[WHAT YOU NEED TO DO] Please give back word for word the lines of the material below between the line containing "来几张没见过的照片任嘉伦" and the line containing "Ramada Hotel &", inclusive.
DATA SUPPLIED section start
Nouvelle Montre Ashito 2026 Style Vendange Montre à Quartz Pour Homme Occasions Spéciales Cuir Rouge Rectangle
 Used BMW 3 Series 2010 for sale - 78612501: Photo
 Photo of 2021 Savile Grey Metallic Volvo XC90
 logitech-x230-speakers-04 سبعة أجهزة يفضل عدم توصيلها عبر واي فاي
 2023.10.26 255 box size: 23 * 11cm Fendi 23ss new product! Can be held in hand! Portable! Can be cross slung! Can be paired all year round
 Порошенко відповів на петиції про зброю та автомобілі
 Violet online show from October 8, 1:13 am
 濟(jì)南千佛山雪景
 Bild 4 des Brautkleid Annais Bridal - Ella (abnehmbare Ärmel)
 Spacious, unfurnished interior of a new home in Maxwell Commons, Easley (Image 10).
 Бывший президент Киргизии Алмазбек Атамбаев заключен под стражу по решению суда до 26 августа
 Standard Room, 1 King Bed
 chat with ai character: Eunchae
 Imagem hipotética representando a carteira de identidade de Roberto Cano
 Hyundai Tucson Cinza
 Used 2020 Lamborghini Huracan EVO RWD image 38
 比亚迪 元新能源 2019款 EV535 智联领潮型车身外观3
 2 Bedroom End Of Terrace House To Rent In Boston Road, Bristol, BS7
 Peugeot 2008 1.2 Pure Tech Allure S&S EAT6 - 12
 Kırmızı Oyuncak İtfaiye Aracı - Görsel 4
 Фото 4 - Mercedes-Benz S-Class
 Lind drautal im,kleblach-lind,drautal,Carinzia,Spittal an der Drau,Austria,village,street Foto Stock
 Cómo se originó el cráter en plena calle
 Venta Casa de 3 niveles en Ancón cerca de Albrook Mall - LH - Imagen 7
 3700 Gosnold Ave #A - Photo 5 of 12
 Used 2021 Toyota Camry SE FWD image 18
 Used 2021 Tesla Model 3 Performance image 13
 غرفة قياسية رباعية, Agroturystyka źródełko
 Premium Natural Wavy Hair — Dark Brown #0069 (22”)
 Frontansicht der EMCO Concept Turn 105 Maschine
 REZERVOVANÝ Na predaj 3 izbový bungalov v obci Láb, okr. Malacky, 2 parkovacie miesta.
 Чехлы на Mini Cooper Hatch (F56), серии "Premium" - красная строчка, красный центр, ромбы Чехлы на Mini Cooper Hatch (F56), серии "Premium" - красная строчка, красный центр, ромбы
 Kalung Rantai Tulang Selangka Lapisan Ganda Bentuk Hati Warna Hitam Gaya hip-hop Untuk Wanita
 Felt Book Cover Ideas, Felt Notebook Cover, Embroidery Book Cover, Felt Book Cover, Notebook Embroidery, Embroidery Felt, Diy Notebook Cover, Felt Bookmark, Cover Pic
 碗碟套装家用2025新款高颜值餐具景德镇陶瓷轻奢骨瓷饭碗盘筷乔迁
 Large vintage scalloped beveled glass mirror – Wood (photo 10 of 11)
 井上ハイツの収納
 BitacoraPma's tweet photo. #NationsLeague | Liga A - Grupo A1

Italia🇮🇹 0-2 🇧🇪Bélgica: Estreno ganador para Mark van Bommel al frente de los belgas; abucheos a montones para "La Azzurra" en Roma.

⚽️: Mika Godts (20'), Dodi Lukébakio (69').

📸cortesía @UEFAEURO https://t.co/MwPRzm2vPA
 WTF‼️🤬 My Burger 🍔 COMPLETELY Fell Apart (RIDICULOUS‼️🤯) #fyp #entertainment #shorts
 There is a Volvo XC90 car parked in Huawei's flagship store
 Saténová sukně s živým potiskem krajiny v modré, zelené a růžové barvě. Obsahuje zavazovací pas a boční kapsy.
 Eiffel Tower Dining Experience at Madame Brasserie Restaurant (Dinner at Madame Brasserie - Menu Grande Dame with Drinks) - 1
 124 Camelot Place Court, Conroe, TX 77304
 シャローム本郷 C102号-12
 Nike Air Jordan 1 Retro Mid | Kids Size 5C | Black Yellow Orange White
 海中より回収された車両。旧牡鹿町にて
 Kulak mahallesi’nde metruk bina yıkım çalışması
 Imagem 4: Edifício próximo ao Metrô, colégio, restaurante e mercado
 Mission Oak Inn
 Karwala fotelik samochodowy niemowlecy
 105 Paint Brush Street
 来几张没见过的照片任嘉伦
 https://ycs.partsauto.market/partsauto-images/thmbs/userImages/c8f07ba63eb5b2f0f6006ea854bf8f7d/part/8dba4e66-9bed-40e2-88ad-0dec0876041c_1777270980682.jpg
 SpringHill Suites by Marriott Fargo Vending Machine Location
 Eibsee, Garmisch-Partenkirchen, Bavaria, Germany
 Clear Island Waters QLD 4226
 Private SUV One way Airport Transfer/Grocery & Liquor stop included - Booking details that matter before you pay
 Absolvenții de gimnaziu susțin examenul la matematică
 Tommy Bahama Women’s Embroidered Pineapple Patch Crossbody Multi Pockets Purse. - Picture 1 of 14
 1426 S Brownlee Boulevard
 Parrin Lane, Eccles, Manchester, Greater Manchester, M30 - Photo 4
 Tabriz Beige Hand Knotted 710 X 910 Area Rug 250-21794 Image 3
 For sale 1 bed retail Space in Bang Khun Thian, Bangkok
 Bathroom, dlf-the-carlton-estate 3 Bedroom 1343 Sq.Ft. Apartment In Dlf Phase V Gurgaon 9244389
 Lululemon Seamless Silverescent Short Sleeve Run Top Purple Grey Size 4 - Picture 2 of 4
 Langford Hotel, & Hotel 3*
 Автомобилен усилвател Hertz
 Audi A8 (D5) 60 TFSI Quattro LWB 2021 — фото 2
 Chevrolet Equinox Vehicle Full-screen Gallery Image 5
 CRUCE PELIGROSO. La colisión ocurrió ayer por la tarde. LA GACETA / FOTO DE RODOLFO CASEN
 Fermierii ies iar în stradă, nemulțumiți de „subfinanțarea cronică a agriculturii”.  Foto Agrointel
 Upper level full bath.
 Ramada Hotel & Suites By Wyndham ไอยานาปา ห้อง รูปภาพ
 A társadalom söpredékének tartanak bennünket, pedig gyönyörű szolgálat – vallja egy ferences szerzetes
DATA SUPPLIED section end
[ANSWER BELOW]
 来几张没见过的照片任嘉伦
 https://ycs.partsauto.market/partsauto-images/thmbs/userImages/c8f07ba63eb5b2f0f6006ea854bf8f7d/part/8dba4e66-9bed-40e2-88ad-0dec0876041c_1777270980682.jpg
 SpringHill Suites by Marriott Fargo Vending Machine Location
 Eibsee, Garmisch-Partenkirchen, Bavaria, Germany
 Clear Island Waters QLD 4226
 Private SUV One way Airport Transfer/Grocery & Liquor stop included - Booking details that matter before you pay
 Absolvenții de gimnaziu susțin examenul la matematică
 Tommy Bahama Women’s Embroidered Pineapple Patch Crossbody Multi Pockets Purse. - Picture 1 of 14
 1426 S Brownlee Boulevard
 Parrin Lane, Eccles, Manchester, Greater Manchester, M30 - Photo 4
 Tabriz Beige Hand Knotted 710 X 910 Area Rug 250-21794 Image 3
 For sale 1 bed retail Space in Bang Khun Thian, Bangkok
 Bathroom, dlf-the-carlton-estate 3 Bedroom 1343 Sq.Ft. Apartment In Dlf Phase V Gurgaon 9244389
 Lululemon Seamless Silverescent Short Sleeve Run Top Purple Grey Size 4 - Picture 2 of 4
 Langford Hotel, & Hotel 3*
 Автомобилен усилвател Hertz
 Audi A8 (D5) 60 TFSI Quattro LWB 2021 — фото 2
 Chevrolet Equinox Vehicle Full-screen Gallery Image 5
 CRUCE PELIGROSO. La colisión ocurrió ayer por la tarde. LA GACETA / FOTO DE RODOLFO CASEN
 Fermierii ies iar în stradă, nemulțumiți de „subfinanțarea cronică a agriculturii”.  Foto Agrointel
 Upper level full bath.
 Ramada Hotel & Suites By Wyndham ไอยานาปา ห้อง รูปภาพ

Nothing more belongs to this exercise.